VIA Metropolitan Transit wants to add a tax to local phone bills to help it improve bus frequency and reduce wait times for riders.
The new line item on residents’ and businesses’ cellphone bills would run about 9 cents for every $100, VIA told the Transportation and Infrastructure Committee last week, which agreed to send the request to the full council for approval.
The money VIA hopes to raise from the proposed tax, between $6 million and $8 million, would help fund its Better Bus Plan, which aims to shorten wait times for half of VIA’s ridership from an hour to 30 minutes or less.
“We believe the impact to the cellphone user is minimal, but the impact to VIA and even the City of San Antonio can be significant,” Rod Sanchez, VIA’s senior vice president of planning and development, said at the Monday committee meeting.
But why is the local transit system asking the city to allow it to add this tax to local cellphone bills, given that it already receives a share of local sales tax from the city — and is poised in January 2026 to get slightly more?
It’s complicated, involving a tax on phone services that was taken away, then put back — sort of. And it’s also simple, said Jon Gary Herrera, VIA’s senior vice president of public engagement.
VIA is “the most underfunded transit agency in Texas,” he said, and is one of the last transit agencies to take advantage of the ability to add the cellphone bill tax to raise additional funds.
How is VIA funded?
In Texas, 6.25% of sales taxes collected go to the state. Municipalities can add up to 2% local sales tax, with up to 1% going to transit systems. In San Antonio, VIA receives three-quarters of that 1%.
In January 2026, VIA will start to get another one-eighth cent, which is now going to the city’s Ready to Work workforce development program. That will bring its tax revenue up to seven-eighths of a penny.
Now onto the new-but-not-really cellphone tax.
Once upon a time, telecommunication services in Texas were taxed like other goods. But in 1987, the Texas Legislature removed those services (back then mostly landlines) from its list of taxable items, which eliminated those local sales tax charges on customers’ monthly phone bills.
The caveat was that municipalities could vote to remove the exemption and charge the tax. Like a lot of cities, San Antonio did just that — but it only added back 1.25% of the total 2% it could have been charging.
VIA is now seeking that additional .75%, which would put it in line with transit agencies across the state. According to the Texas comptroller, more than 255 cities, 40 counties and 200 special purpose districts have added the tax to monthly cellphone bills, including in Austin, Corpus Christi and Dallas.
Incorporated cities inside San Antonio have already agreed to add the tax onto monthly cellphone bills, including Leon Valley, Alamo Heights, Terrell Hills, Shavano Park, Castle Hills and Balcones Heights. Olmos Park will vote on the tax in November.

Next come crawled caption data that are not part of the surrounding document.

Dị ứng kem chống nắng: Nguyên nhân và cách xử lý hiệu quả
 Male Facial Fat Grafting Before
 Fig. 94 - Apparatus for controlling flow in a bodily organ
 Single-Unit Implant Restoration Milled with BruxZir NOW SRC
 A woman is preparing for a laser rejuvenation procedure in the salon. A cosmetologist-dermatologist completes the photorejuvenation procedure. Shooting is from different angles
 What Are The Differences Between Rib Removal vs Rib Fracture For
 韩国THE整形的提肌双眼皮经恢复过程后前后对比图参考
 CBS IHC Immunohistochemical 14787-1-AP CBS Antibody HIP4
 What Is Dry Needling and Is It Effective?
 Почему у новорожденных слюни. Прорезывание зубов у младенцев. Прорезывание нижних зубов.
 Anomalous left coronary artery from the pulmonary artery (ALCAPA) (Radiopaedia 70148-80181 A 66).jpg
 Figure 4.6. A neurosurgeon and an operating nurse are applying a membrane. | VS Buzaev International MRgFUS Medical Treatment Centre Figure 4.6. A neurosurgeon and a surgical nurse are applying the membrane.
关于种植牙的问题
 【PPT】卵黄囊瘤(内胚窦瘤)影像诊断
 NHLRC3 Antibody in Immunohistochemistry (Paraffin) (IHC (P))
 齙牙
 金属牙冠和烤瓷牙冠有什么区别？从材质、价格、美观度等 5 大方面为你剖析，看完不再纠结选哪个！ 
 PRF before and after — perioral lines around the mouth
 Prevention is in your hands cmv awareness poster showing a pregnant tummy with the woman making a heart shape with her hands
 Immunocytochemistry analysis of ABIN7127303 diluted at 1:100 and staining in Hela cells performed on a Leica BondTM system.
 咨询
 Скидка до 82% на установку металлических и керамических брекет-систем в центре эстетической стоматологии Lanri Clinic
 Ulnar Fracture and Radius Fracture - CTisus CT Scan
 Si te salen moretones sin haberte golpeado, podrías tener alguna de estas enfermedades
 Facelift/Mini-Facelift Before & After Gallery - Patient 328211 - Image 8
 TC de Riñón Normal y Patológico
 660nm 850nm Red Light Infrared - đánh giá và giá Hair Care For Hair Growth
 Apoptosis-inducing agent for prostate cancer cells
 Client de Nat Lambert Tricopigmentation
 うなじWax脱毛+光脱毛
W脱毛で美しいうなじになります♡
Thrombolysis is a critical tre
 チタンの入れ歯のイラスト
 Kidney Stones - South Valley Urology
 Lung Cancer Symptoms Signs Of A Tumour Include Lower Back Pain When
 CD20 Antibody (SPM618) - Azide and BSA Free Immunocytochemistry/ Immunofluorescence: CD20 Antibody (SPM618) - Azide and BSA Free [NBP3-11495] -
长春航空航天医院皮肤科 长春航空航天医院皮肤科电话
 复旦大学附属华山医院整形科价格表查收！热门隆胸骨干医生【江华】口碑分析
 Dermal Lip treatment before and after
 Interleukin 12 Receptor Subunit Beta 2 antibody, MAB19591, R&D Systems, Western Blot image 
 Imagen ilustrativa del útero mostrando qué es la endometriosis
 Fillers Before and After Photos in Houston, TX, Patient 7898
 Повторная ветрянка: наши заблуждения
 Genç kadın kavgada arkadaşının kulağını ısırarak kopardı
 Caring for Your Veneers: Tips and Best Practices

San Antonio City Council will discuss the tax at a future B session meeting.
If all jurisdictions approve, the state comptroller’s office will notify the telecom companies so that the tax is added to the cellphone bill of all customers in VIA’s service area.
The average cellphone bill in San Antonio is $144, according to the city. Exactly how much the tax would add to a bill depends on the services each customer has with its cellphone provider — the tax only applies to certain goods and services, not the entire bill.
City Council’s Transportation and Infrastructure Committee expressed concern over the request but agreed to send it to the full council for a vote later this month.
“A few years ago we authorized giving VIA $10 million a year to increase service. I think most of us would agree, we haven’t increased service,” said District 9 Councilman John Courage.
VIA officials reassured council members that in addition to improving bus frequency, the Better Bus Plan would expand VIA Link services, add design enhancements and explore more transit solutions, by phases at routes most used.
But even adding the tax won’t bring in enough revenue to fully fund the five-year plan, said Sanchez, and the transit authority will have to seek other sources of funding.
That’s why this additional revenue is critical to getting VIA closer to its goal, Herrera told the San Antonio Report. “San Antonio, we’re pretty spread out. We need to be able to reach those locations people need to go.”
Reporter Tracy Idell Hamilton contributed to this article.